The latest must-have accoutrement among world-class universities, or those aspiring to world-class status, is an international advisory group.
Heidelberg University in Germany has one headed by a former University of Oxford vice-chancellor; the Higher School of Economics in Moscow has one chaired by a Nobel prizewinning US economist; and several Saudi Arabian universities have committees composed of top-ranking academics and business executives.
Their prevalence is a consequence partly of the proliferation of national "excellence initiatives" in various parts of the world, including China, France, Germany, the Russian Federation, Spain and South Korea.
The laudable goals of such committees, which meet on an occasional basis to review and evaluate the institution's plans and performance, include the introduction of new ideas and analysis to help the institution understand itself and improve.
Committee members enter into a relationship with the university that sees them assume a responsibility for its welfare and improvement.

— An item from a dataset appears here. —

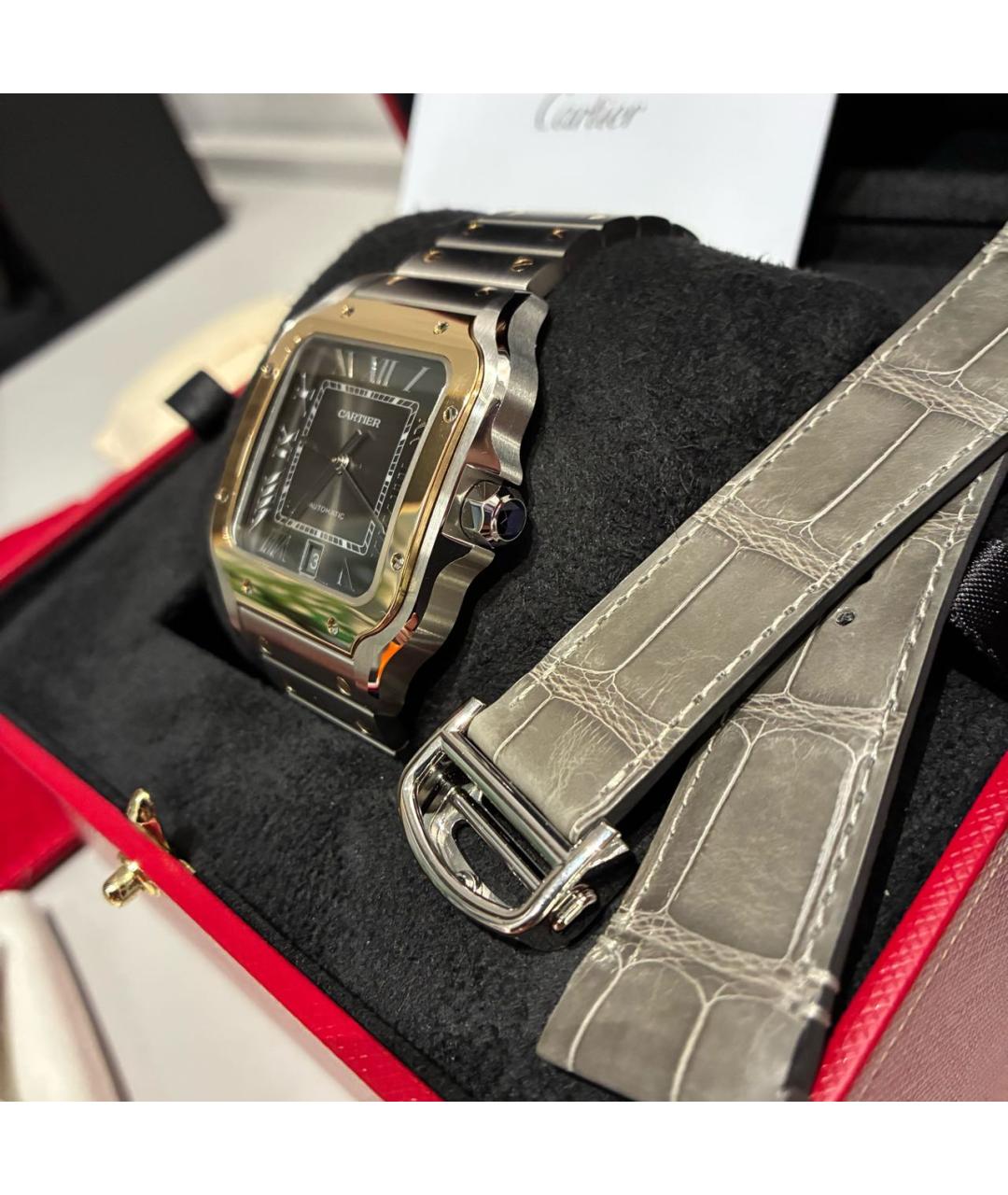 CARTIER Серебряные часы из желтого золота, фото 4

They can be called on for occasional advice, generally on a pro bono basis.
Such committees can also confer added prestige on the university. A distinguished group of internationally respected academics provides lustre, and connections with a Nobel laureate are particularly prized.
Meetings of such a diverse group of experts - each with their own interests and commitments - usually happen only once or twice a year, normally at the university, and their sessions are typically attended by the institution's top management.

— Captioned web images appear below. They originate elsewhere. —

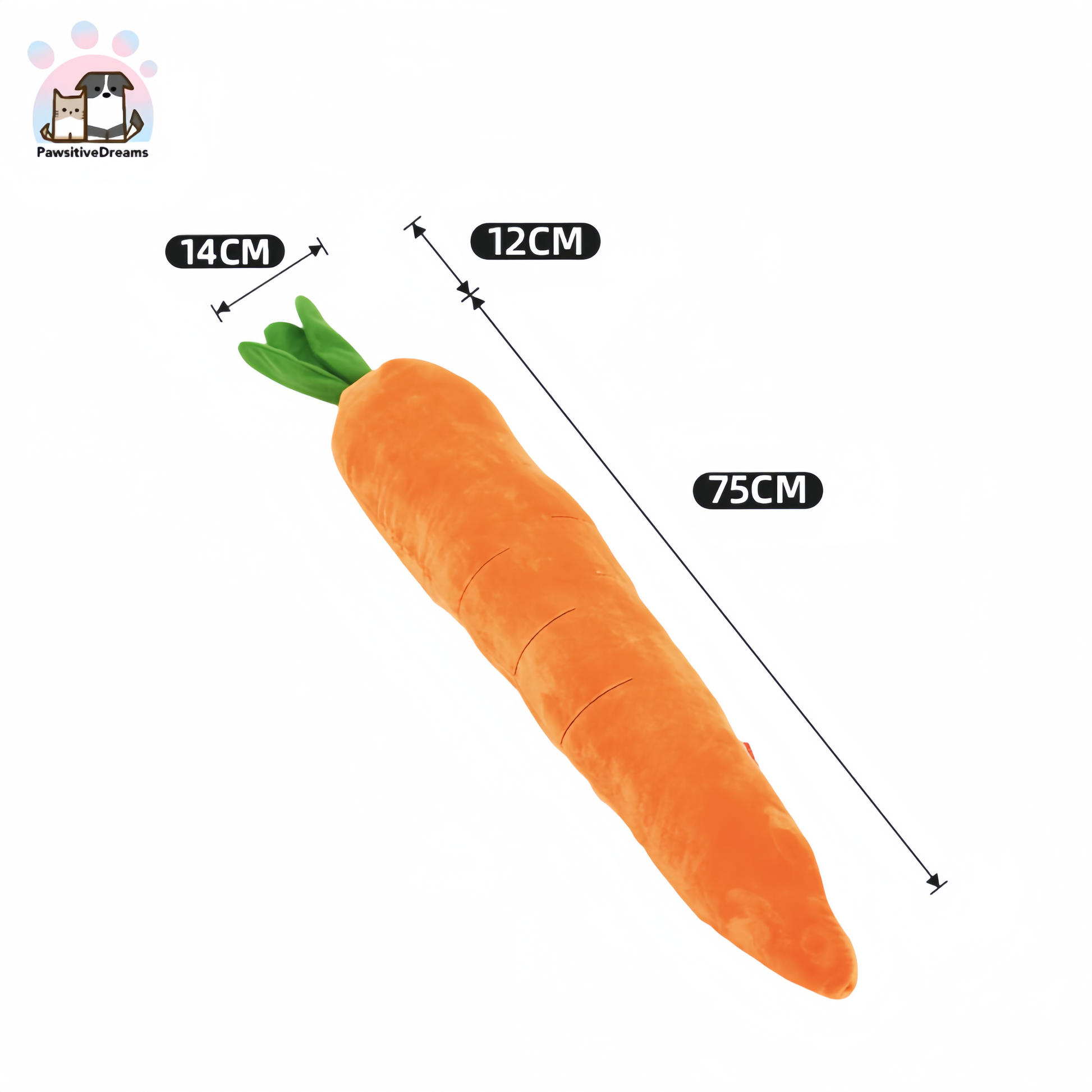 Hoopet Carrot-Shaped Durable Chew Dog Toy with Squeaker for Boredom Relief - Pawsitive Dreams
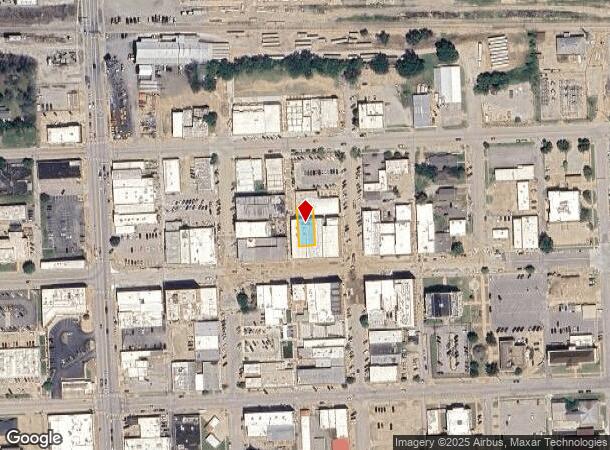 117 E Dewey Ave, Sapulpa, OK Parcel Map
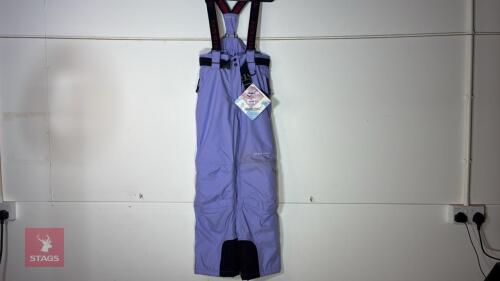 WHITE ROCK SALOPETTES - SIZE 12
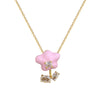 Necklace Stainless Steel Copper Geometric Style Drop Oil Flower Zircon Light Luxury Elegant Gorgeous Unisex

Sessions last for a day or two and often cover not only the broad performance and plans of the institution but often a specific analysis of one or more programmes, departments or initiatives.

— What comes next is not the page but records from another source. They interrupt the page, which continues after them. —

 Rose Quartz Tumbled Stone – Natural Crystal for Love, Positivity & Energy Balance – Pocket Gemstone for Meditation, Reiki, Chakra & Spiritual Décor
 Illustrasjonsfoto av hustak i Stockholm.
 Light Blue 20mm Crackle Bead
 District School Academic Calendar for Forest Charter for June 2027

Although we have not carried out a systematic analysis of the membership of advisory committees, it appears that most groups consist of prominent academics and institutional leaders from a range of disciplines chosen from top universities worldwide. Major universities in the English-speaking world tend to predominate.
The natural sciences and the "hard" social sciences, such as economics, seem to be particularly well represented.
The largest cohort comprises senior administrators from top-tier universities - sitting or recently retired presidents, vice-chancellors, rectors and the like.
There are few members from middle-ranking universities or emerging academic systems, and members are rarely drawn from universities within the same country.
But while academics are well represented, such committees also provide an opportunity to reach out beyond campus boundaries and draw on the experiences and expertise of those from different walks of life. So business leaders may be included, often from the high-technology sector.
However, the diversity of membership frequently only goes so far - at present seniority and maleness are recurring characteristics.
Advisory committee members are generally focused on service to their overseas colleagues and assisting other universities, but many enjoy a bit of academic tourism, and some wish to learn useful lessons from the university or committee colleagues. Few, if any, are able to devote a significant amount of time to the enterprise.
What about funding? Although the committees are not a major drain on universities' budgets, they do require some financing.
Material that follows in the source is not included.